→ **Activity**
Starting at the first line of the data, please print exactly those lines through the one that holds "[SA-BL179-5-AV] Lampadario in", omitting every picture.

═══ Study material ═══

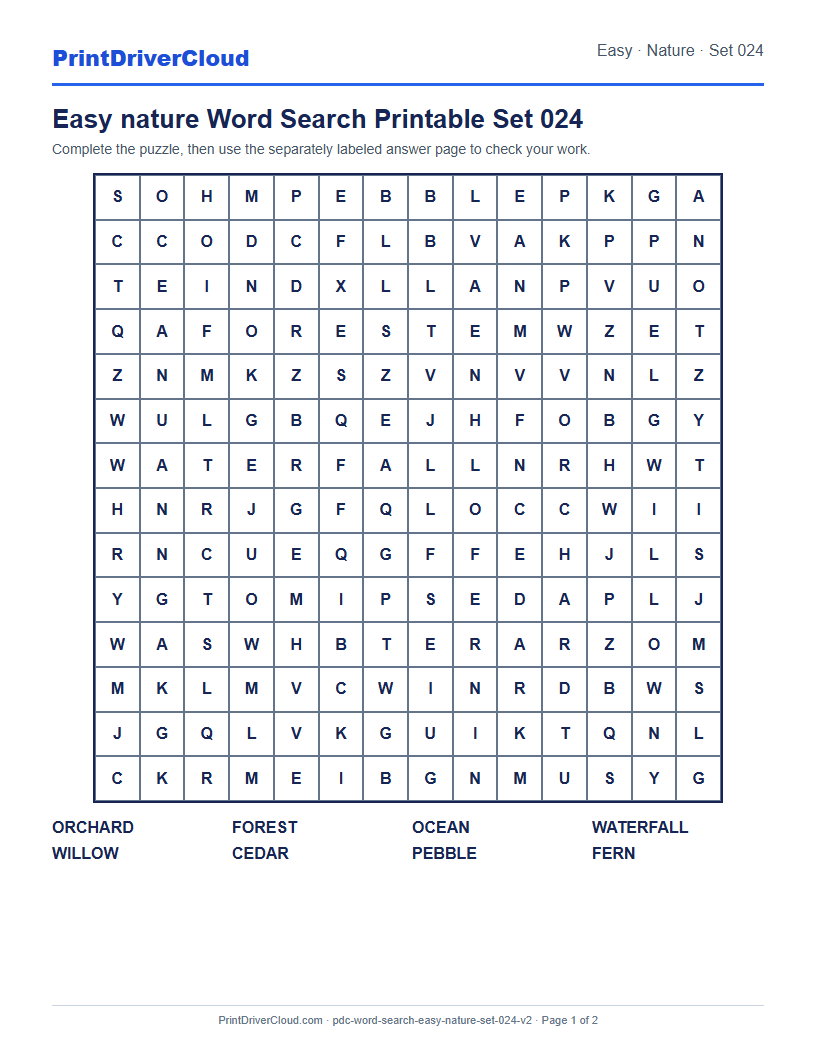 Easy Nature Word Search Printable Set 024 preview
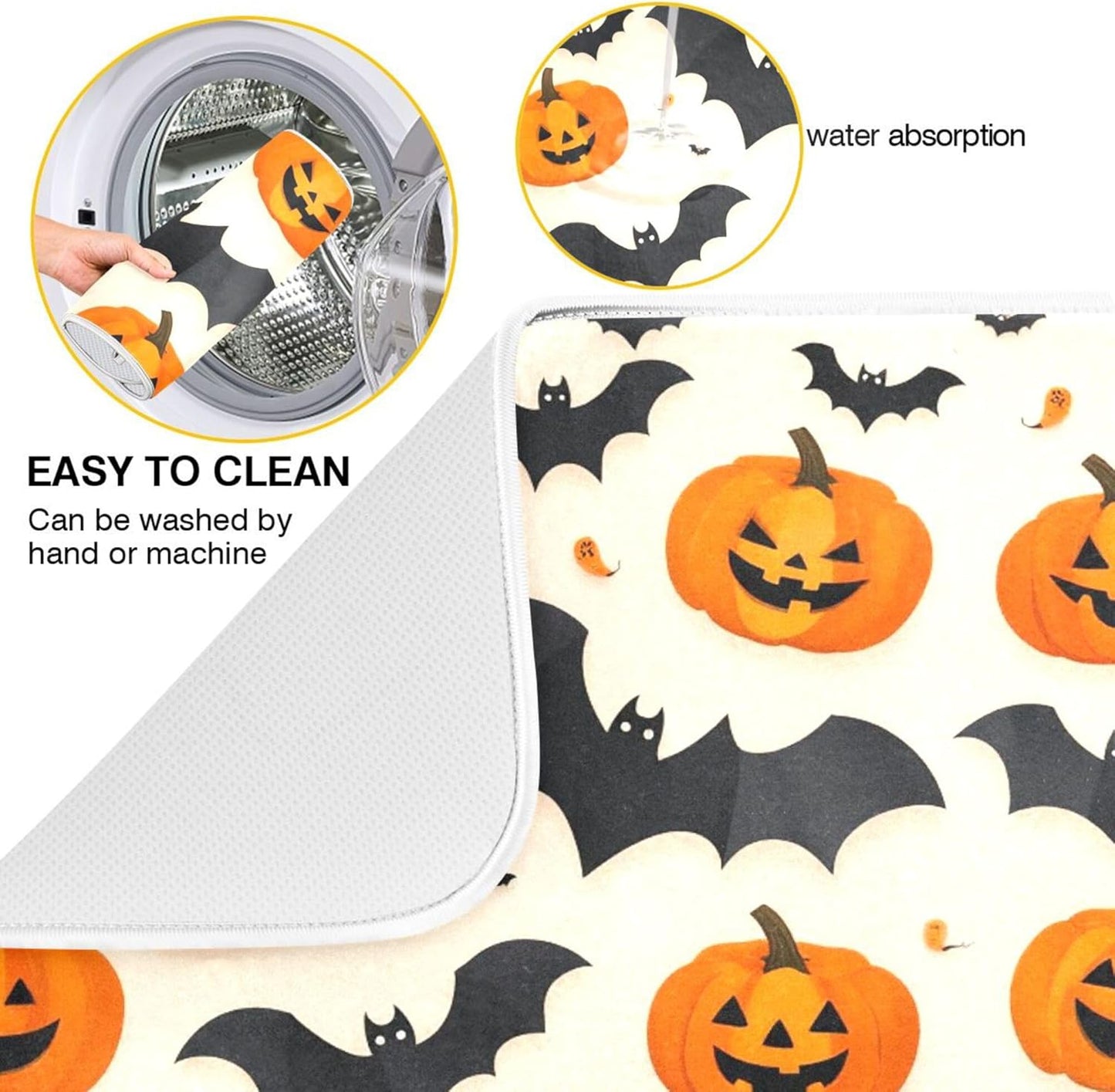 Halloween Black Bat Dish Drying Mat for Kitchen Countertop 18x24 Spooky Evil Pumpkin Lantern Large Drying Mat Reusable Quick Dry Dish Sink Mats Easy Clean Decorative Essentials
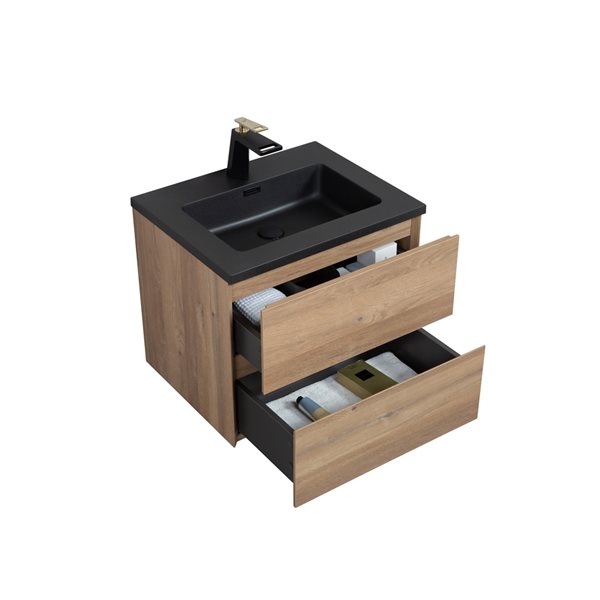 GEF Sadie 24-in Rough Oak Single Sink Bathroom Vanity with Black Engineered Quartz Top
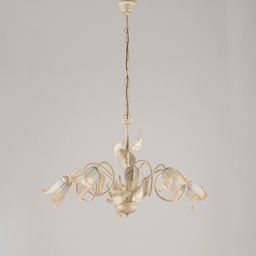 [SA-BL179-5-AV] Lampadario in ferro Avorio Oro Vetri Bianchi Ambra cinque luci 73x h43 cm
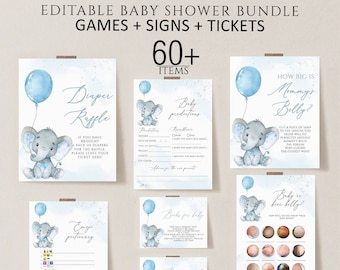 Elephant Baby Shower Games Bundle, Blue Elephant, Instant Download, Baby Shower Boy Games Package, Printable Games, Editable balloon shower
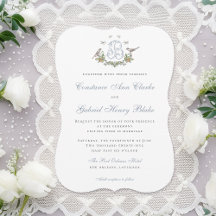 Love Birds "B" Monogram Weditation Einladung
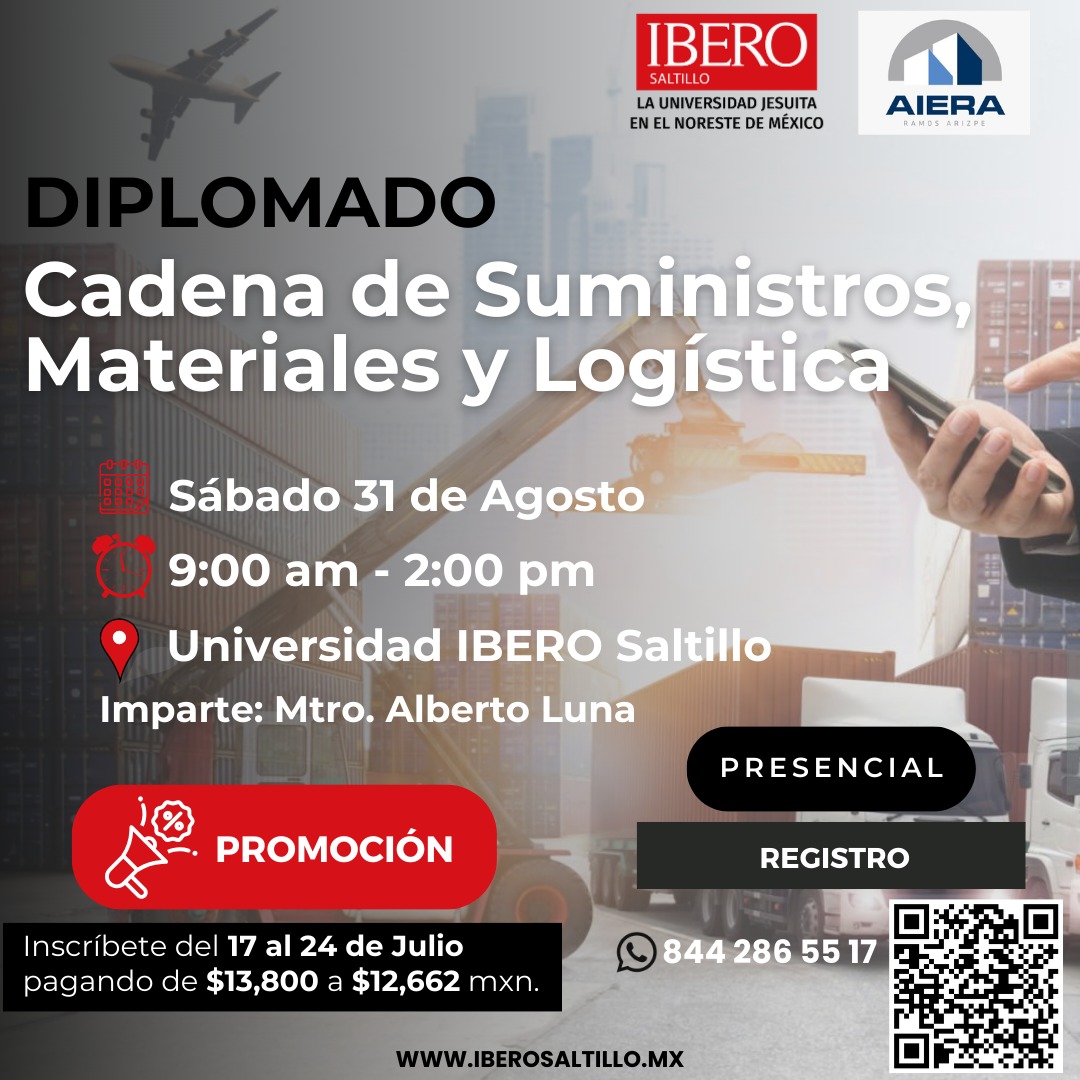 AIERAmx's tweet photo. DIPLOMADO
📷Cadena de Suministros Materiales y Logística 📷
en colaboración con Ibero Saltillo
Escanea el código QR y regístrate📷📷 https://t.co/eIgNhPLY62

═══

→ **Finished exercise**
 Easy Nature Word Search Printable Set 024 preview
 Halloween Black Bat Dish Drying Mat for Kitchen Countertop 18x24 Spooky Evil Pumpkin Lantern Large Drying Mat Reusable Quick Dry Dish Sink Mats Easy Clean Decorative Essentials
 GEF Sadie 24-in Rough Oak Single Sink Bathroom Vanity with Black Engineered Quartz Top
 [SA-BL179-5-AV] Lampadario in ferro Avorio Oro Vetri Bianchi Ambra cinque luci 73x h43 cm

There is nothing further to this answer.